Wednesday 13 October 2010

Hacking at the Holy Grail.

I gather cosmetic surgery is the in thing at the moment. Personally, I wouldn’t have anything to with it, even if I could afford to. I would rather my face looked like Clapham Junction from the air than something the local mortician has been practising on. Nevertheless, I can understand that some people have an ego problem big enough to make the prospect attractive.

So, I understand why people have face jobs, because we show our faces to the world at large. I can also, just about, understand why women have boob jobs, because they are at least visible in profile, if not in detail. (Having said which, I never liked big ones anyway; but that’s just a matter of personal preference, and one I happen to consider commendable.) What I truly don’t understand is why women have the bit at the other end worked on.

Women don’t exactly flash that bit around in Sainsbury’s, do they?
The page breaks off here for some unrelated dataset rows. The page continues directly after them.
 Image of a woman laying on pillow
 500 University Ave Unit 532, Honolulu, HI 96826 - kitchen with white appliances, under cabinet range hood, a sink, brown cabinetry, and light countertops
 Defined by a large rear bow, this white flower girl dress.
Apart from certain professionals, even the most profligate reveal it to only a very small number of people – those whom they feel have a right to be interested in it. And that usually means male sexual partners.
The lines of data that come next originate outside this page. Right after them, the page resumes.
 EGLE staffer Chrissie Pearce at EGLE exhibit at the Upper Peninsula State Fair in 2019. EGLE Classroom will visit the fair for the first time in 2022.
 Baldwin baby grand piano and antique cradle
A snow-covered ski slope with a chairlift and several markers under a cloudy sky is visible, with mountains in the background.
My problem is this: if any woman in whom I’d had that sort of interest had revealed to me that some man with a sharp knife had been fiddling with her credentials, I’d have run a mile. It would have been a real turn-off. Might as well have saved all the emotional difficulties that attach to real women and bought a blow-up doll, don’t you think?

Maybe I was just born in the wrong century. Or the right one, depending on your point of view. Or maybe I’m just an example of life, Jim, but not as we know it.